Thereafter, the impugned order was passed whereby the Former Judge was dismissed from service. Against the order of termination, he filed an appeal under Rule 23 of the Madhya Pradesh Civil Services (Classification, Control and Appeal) Rules, 1966 (‘the Rules’), but the same was dismissed.
Hence, the present petition.
Analysis
At the outset, the Court noted that there were allegations of corrupt and extraneous considerations only in the third charge. The Court also noted that none of the accused, whose bail application had been rejected, filed a complaint against the Former Judge. Thus, it could be inferred that none of those accused persons felt that their applications were dismissed for non-gratification of extraneous considerations.

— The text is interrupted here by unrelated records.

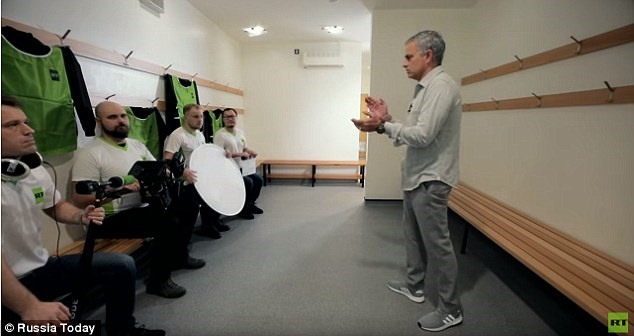 Mourinho cùng các nhà sản xuất chương trình của kênh Russia Today (RT). Ảnh: RT.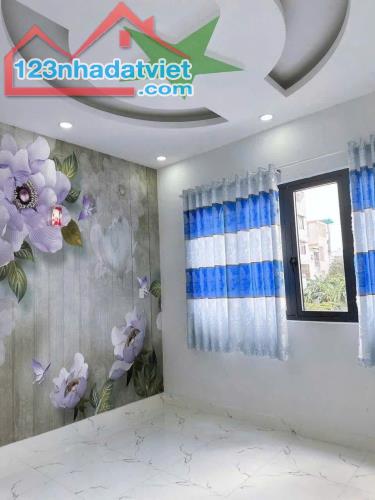 Nhà hẻm 704 Hương Lộ 2,Bình Trị Đông dt 48m2 2 lầu 4pn 3wc giá 5,37 tỷ - 2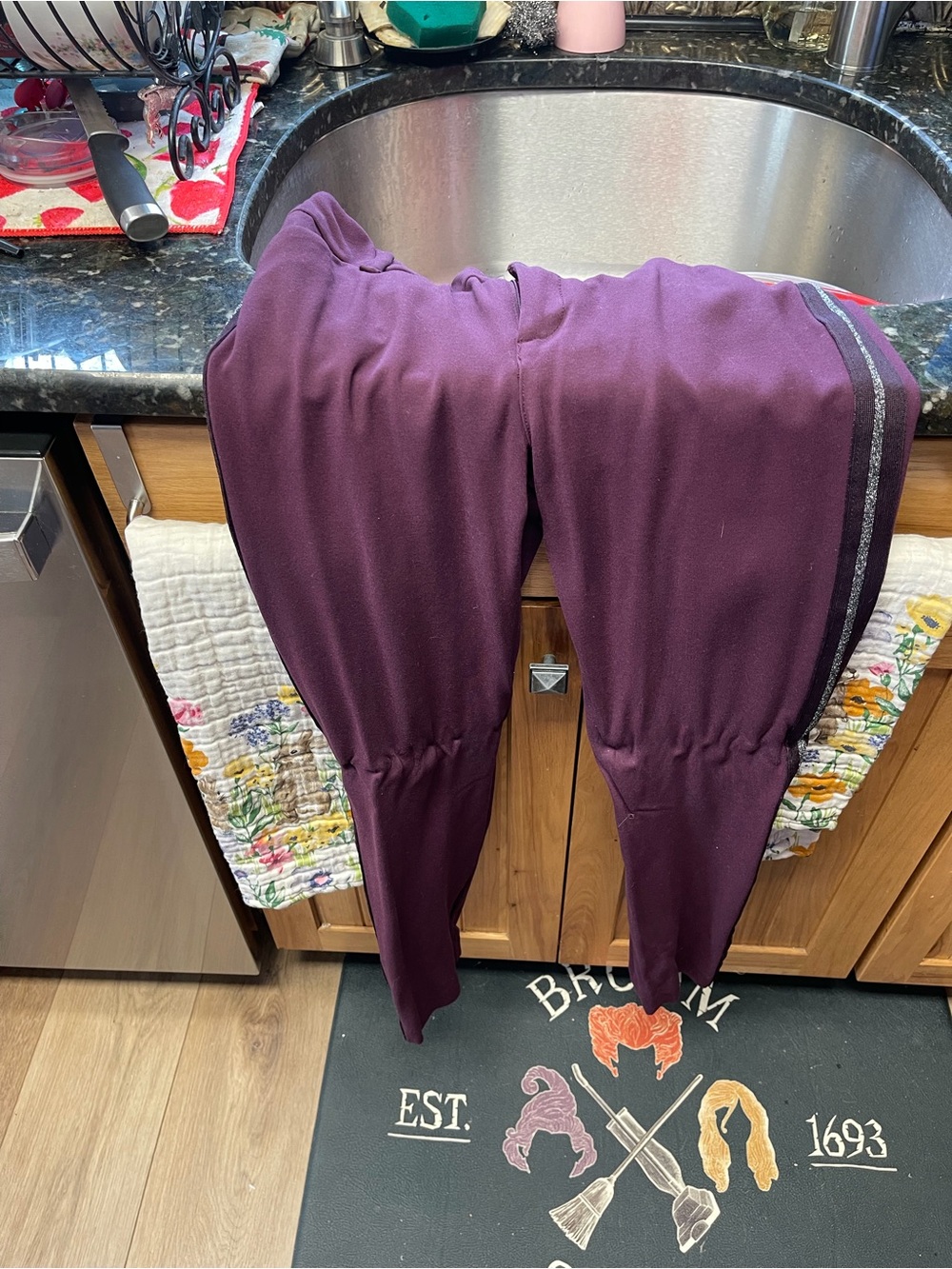 Womens old navy pull on pants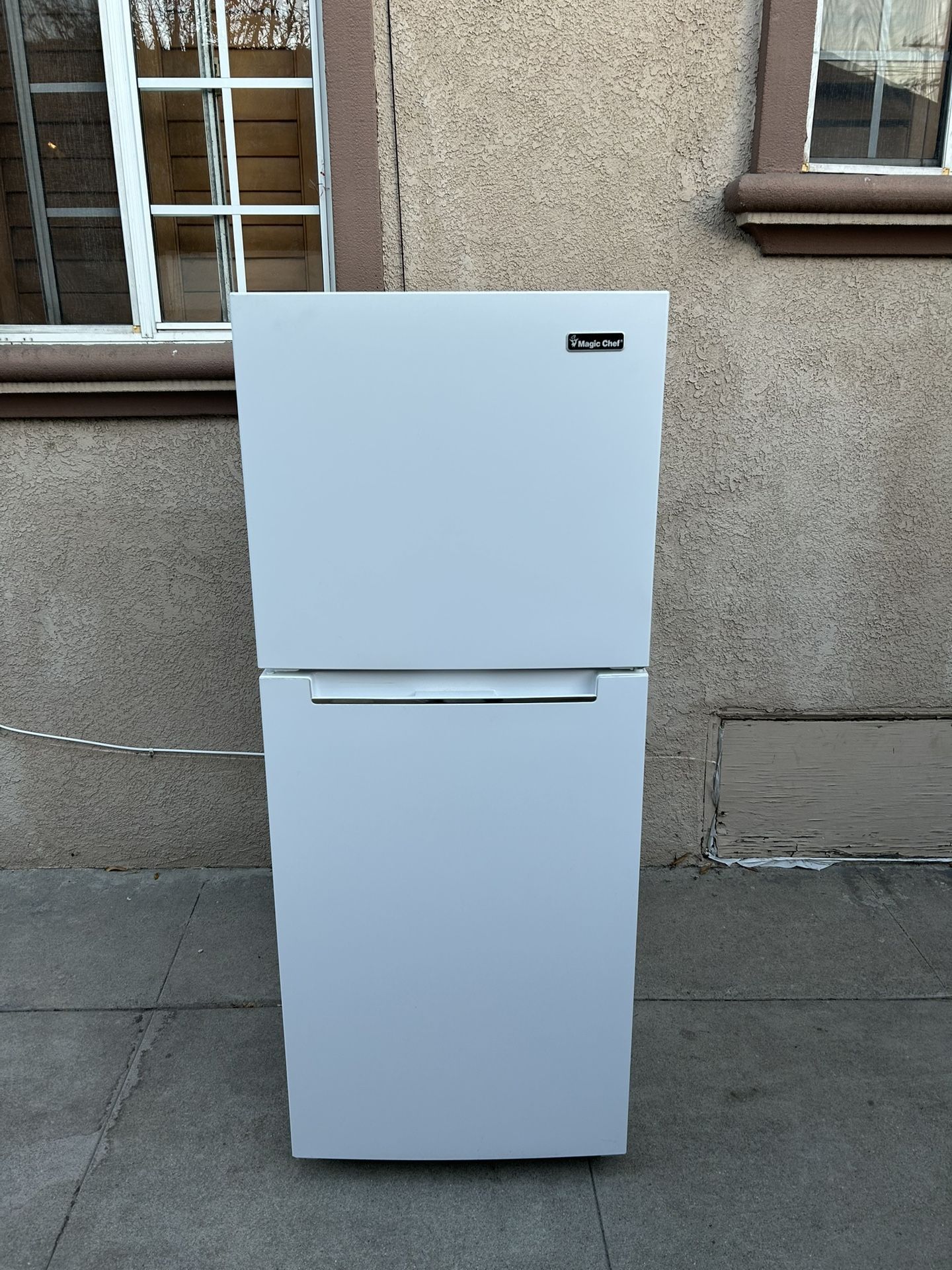24x26x60 Magic Chef Fridge White 14cuft 3 Months Warranty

The Court further noted that the Former Judge explained himself thoroughly during the disciplinary proceedings. He explained that he had granted anticipatory bail in those cases where on the date of the application the offences were triable by the Court of Magistrate and were under Sections 420 and 419 of the IPC and Section 3 and 4 of the M.P. Recognized Examinations Act, 1937 (‘MP Exams Act’), which were offences punishable with a maximum sentence of three to seven years. While the applications that he had dismissed mentioned charges under other sections that were added subsequently during investigation, which included offences triable by the Court of Sessions, like those under Sections 467 and 468 of the IPC, i.e., graver offences.
Regarding the enquiry, the Court noted that only one witness was examined, who was the Investigating Officer of the case, where incriminating material was yet to be unearthed against those accused who were granted bail. Undisputedly, he did not level any allegations against the Former Judge and merely stated what he did in the investigation. Documents were not exhibited, though not doing so does not affect the case adversely, as this is a departmental enquiry and strict rules of evidence do not apply. The Court further stated that the entire enquiry process examined the orders passed by the Former Judge threadbare like an Appellate Court. Furthermore, the State neither challenged any of those orders before the High Court for cancellation of bail nor applied for cancellation of bail before the Former Judge during the trial.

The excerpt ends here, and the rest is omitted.